• Directions for this task
Copy exactly the lines that run from the top of the listing to the line containing "RtopR Glycyrrhiza Face", both ends included, and omit the pictures.

___ Supplied records ___

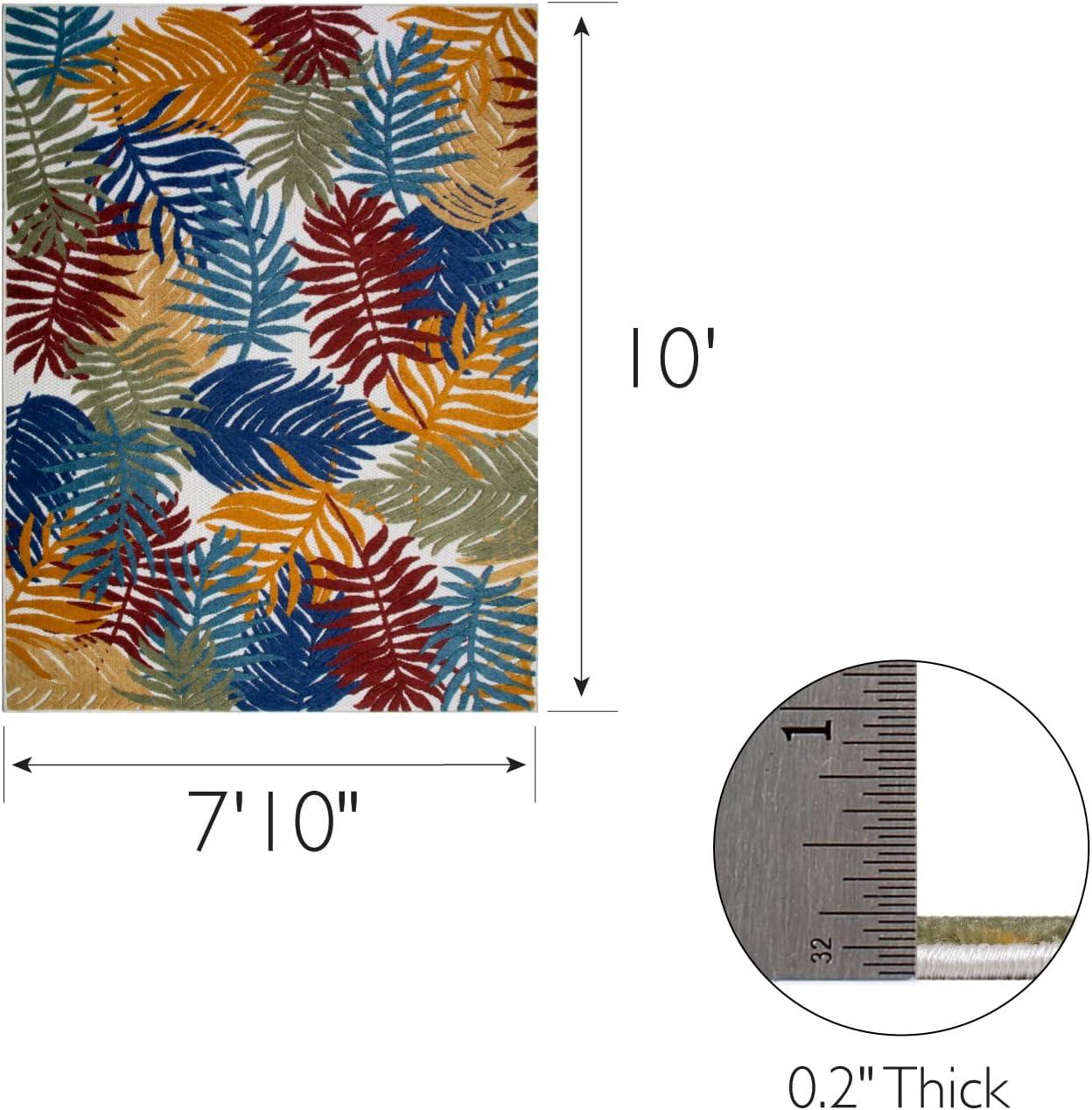 imageLeick Home 595223 Talipot Palm Indoor Outdoor Area Rug Rectangle 710x10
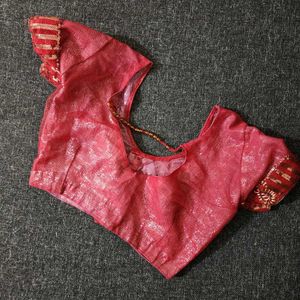 Sparkling Pink Ethnic Only Blouse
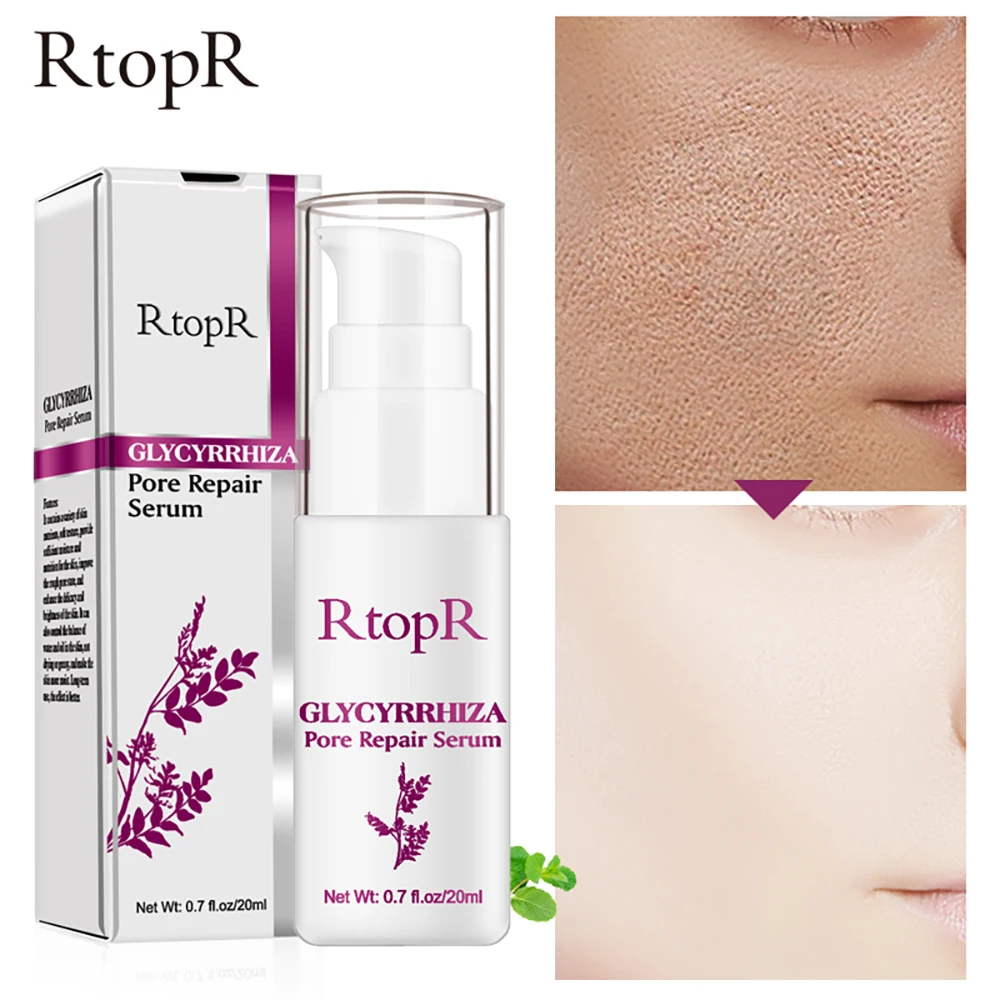 RtopR Glycyrrhiza Face Pore Repair Serum Collagen Anti Wrinkle Whitening Cream Oil Control Hydrating Effective Shrink Pores | Красота и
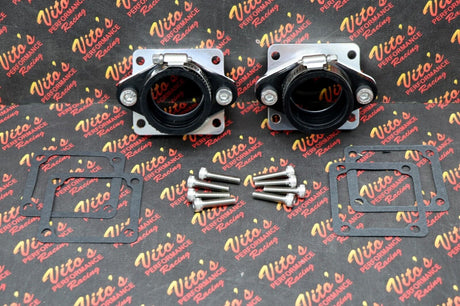 2 x BANSHEE BILLET aluminum SINGLE INTAKES carb boots intake 38mm 39mm 41mm PWK 6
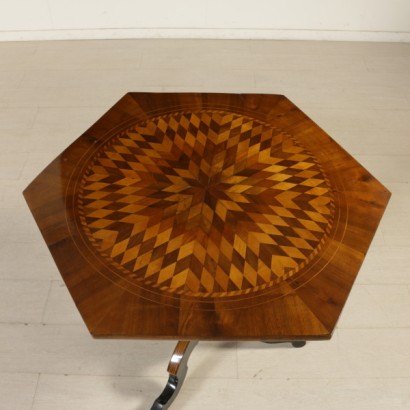 Inlaid Hexagonal Coffee Table 19th Century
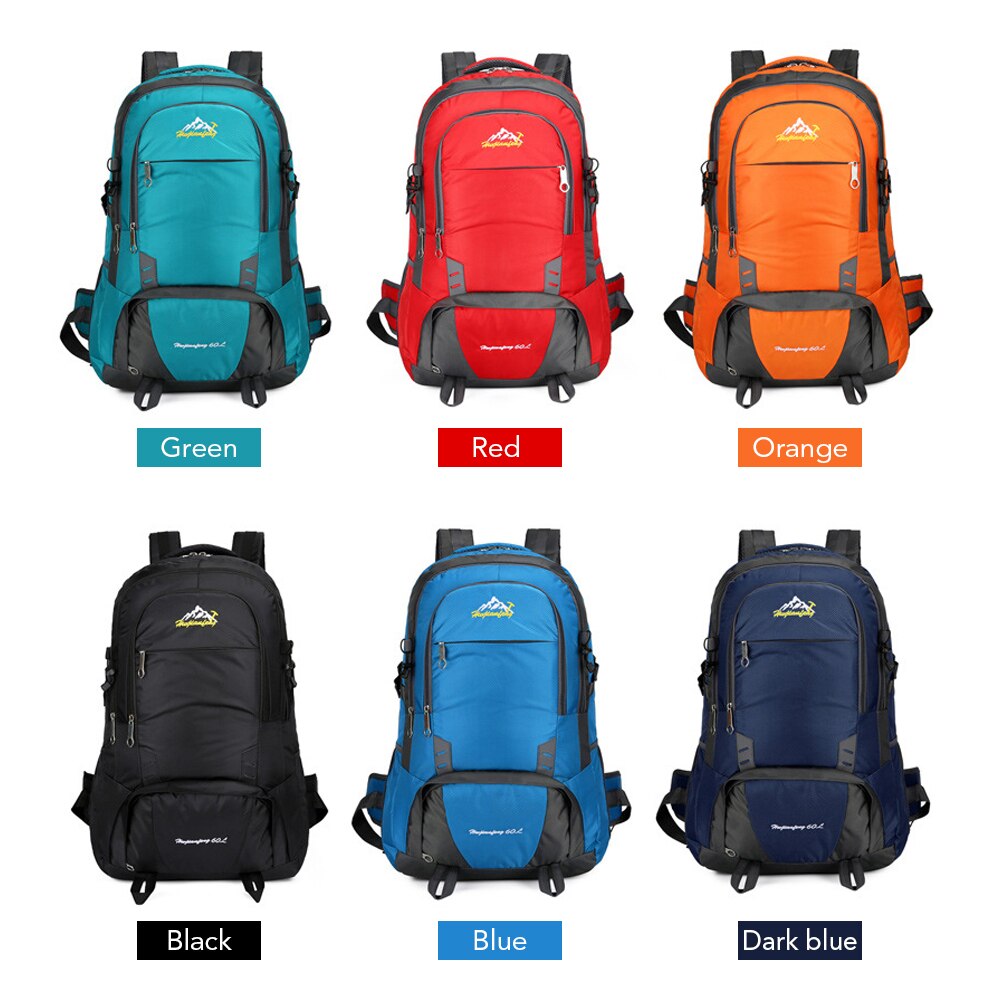 Outdoor Camping Backpack Waterproof Trekking 60L Bag Large Capacity Hiking Cycling Climbing Traveling Sports Backpack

___

• Exercise answer
 imageLeick Home 595223 Talipot Palm Indoor Outdoor Area Rug Rectangle 710x10
 Sparkling Pink Ethnic Only Blouse
 RtopR Glycyrrhiza Face Pore Repair Serum Collagen Anti Wrinkle Whitening Cream Oil Control Hydrating Effective Shrink Pores | Красота и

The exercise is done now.